Of particular note to private funds and investment advisers, exemptions from the definition of “reporting company” include, among other things, (i) a broker or dealer registered with the Securities and Exchange Commission (“SEC”), (ii) investment companies or investment advisers that are registered with the SEC, (iii) qualifying venture capital fund advisers,  (iv) certain pooled investment vehicles, and (v) subsidiaries of certain exempt entities, in each case subject to the conditions set forth below. 

  • Registered Brokers or Dealers: Brokers or Dealers (as each term is defined in Section 3 of the Securities and Exchange Act of 1934 (the “Exchange Act”)) that are registered under Section 6 or 17A of the Exchange Act are exempt from classification as a “reporting company.”
  • Registered Investment Companies: An investment company (as defined in Section 3 of the Investment Company Act of 1940 (the “1940 Act”)) that is registered with the SEC would not be categorized as a “reporting company.”
  • Registered Investment Advisers: An investment adviser (as defined in Section 202 of the Investment Advisers Act of 1940 (the “Advisers Act”)) that is registered with the SEC is also exempt from classification as a “reporting company.”
  • Venture capital fund advisers (“VCFAs”): A VCFA must both (a) be an investment adviser as described in Section 203(l) of the Advisers Act and (b) have filed Item 10, Schedule A and Schedule B of Part 1A of Form ADV with the SEC in order to avoid categorization as a “reporting company.”
    • CFDB Note: Investment advisers that are exempt from registration under Section 203(m) of the Advisers Act as “private fund advisers” do not fall within this exemption. 
  • Pooled investment vehicle (“PIV”): In addition to registered investment companies noted above, a PIV that would be exempt from classification as a “reporting company” includes any company that would be an investment company but for the exclusions provided in Section 3(c)(1) or 3(c)(7) of the 1940 Act and is advised by a registered investment adviser, broker or dealer, or federal or state credit union. 
    • CFDB Note: Importantly, PIVs that are operated or advised by exempt reporting advisers or state-registered investment advisers do not qualify for this exemption. 
    • Additionally, non-U.S. PIVs (e.g., Cayman Islands-domiciled funds) that are registered to do business in the U.S. are not exempt under this exemption. These non-U.S. PIVs will need to find an exemption or file a limited version of a BOI Report.
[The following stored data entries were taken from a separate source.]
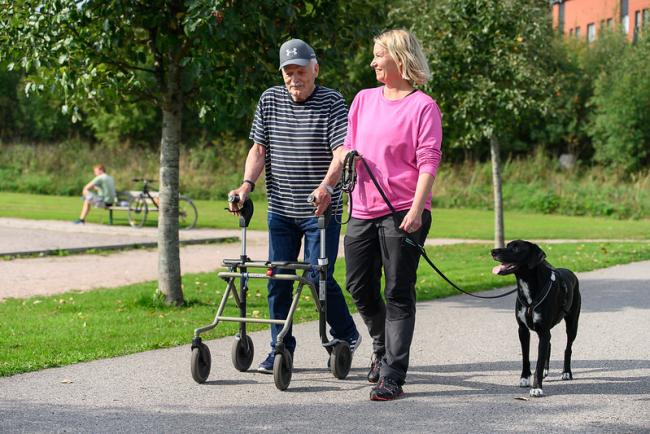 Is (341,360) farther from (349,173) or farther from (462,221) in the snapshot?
(462,221)

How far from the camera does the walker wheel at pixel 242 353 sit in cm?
664

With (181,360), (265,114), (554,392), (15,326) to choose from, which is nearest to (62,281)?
(15,326)

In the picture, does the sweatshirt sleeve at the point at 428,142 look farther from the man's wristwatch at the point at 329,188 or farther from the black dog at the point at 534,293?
the black dog at the point at 534,293

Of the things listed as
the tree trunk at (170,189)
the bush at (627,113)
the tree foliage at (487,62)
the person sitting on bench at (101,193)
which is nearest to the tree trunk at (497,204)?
the tree foliage at (487,62)

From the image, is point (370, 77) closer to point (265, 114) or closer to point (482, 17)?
point (482, 17)

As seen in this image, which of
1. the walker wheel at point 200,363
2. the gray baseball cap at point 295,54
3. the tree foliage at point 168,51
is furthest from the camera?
the tree foliage at point 168,51

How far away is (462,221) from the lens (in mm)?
28078

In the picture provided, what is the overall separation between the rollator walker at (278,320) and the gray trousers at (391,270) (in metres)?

Non-U.S. PIVs that are not registered to do business in the U.S. will not fall within the definition of “reporting company” and thus will not have to file BOI Reports. 
  • Certain Subsidiaries: A subsidiary that is controlled or wholly owned, directly or indirectly, by one of the following exempt entities: (a) a Broker or Dealer, (b) a registered investment company or investment adviser or (c) a VCFA, will generally not be categorized as a “reporting company.” However, subsidiaries of exempt PIVs are not exempt under this exemption.
    • The general partner or managing member of a private fund may qualify under this exemption. Additionally, any entity below such an exempt general partner or managing member that is controlled or wholly owned by the exempt general partner or managing member would also qualify under this exemption.
    • Conversely, the Rule is unclear on how the parent company of exempt entities, such as ultimate general partner entities and other upper-tier holding companies, will be treated because FinCEN explicitly declined to provide an express exemption for parent companies. Instead, the fund’s organizational structure will require close analysis to determine whether such entities qualify for an exemption. If these parent entities are controlled or wholly owned by an exempt entity, they may qualify under the subsidiary exemption, but, if not, BOI Reports may be required. 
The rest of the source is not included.